9. Bad Timing (Nicolas Roeg, 1980)
Als Krimi erzählt Nicolas Roeg in „Bad Timing“ die Liebes- und Leidensgeschichte der jungen US-Amerikanerin Milena Flaherty (Theresa Russell) mit dem Psychoanalytikers Alex Linden (Art Garfunkel). In einer fulminanten, nicht chronologischen Montage legt der Film nach und nach offen, wie es zu dem Selbstmordversuch seiner Protagonistin kam. Der Film wurde 1980 in nur wenigen Kinos gezeigt und die Produktionsfirma „The Rank Organisation“ zog ihr bekanntes Logo aus dem Abspann zurück. Trotz des misslungenen Kinostarts erlangte „Bad Timing“ aufgrund häufiger TV-Ausstrahlungen schon in den 1980er-Jahren einen gewissen Kultstatus, während die Home Release-Version erst 2005 in den USA auf den Markt kam. Ambivalent wie kompromisslos schildert Nicolas Roeg so in „Bad Timing“ eine Liebesgeschichte voller Leidenschaft und Obsession und seziert jene Mechanismen, die aus verliebter Zuneigung sexuelle Besessenheit werden lassen.

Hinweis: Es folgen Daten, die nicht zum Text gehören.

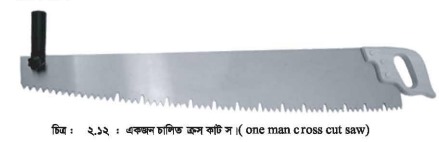 কাটিং টুলস I অধ্যায় ১ I সিভিল কন্সট্রাকশন-১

10. Beau Travail (Claire Denis, 1999)
Auf nicht gerade wenigen Kritikerfilmlisten über die besten Filme der 1990er Jahre nimmt der 1999 erschienene „Beau Travail“ der französischen Regisseurin Claire Denis einen sehr prominenten Platz ein. Der Film befasst sich mit einer Gruppe junger Legionäre, die am Golf der Republik Dschibuti stationiert sind. Im Fokus steht der Feldwebel Galoup (Denis Lavant), dessen ganzes Wesen vollkommen im Soldatendasein aufgeht. Durch die Ankunft des jungen Rekruten Gilles Sentain (Grégoire Colin) sieht Galoup das streng eingespielte Gefüge der Gruppe einschließlich seiner eigenen Stellung bedroht und beschließt, den jungen Soldaten mit allen Mitteln loszuwerden.
In ruhigen, langen Sequenzen zeigt Denis in dieser filmischen Studie über Geborgenheit und Fremde den Alltag der Legionäre und deren Übungen, die sie wie modernen Tanz inszeniert. Der männliche, soldatische Körper erscheint hier in der dem Militär innewohnenden homoerotischen Konnotation eher melancholisch denn als gestähltes Staatseigentum: Der Sinn und Zweck der Legionärsgruppe ist kaum nachvollziehbar und scheint mehr dem einer Selbsthilfegruppe als der staatlich organisierter, gewaltsamer Durchsetzung von politischen Zielen zu dienen.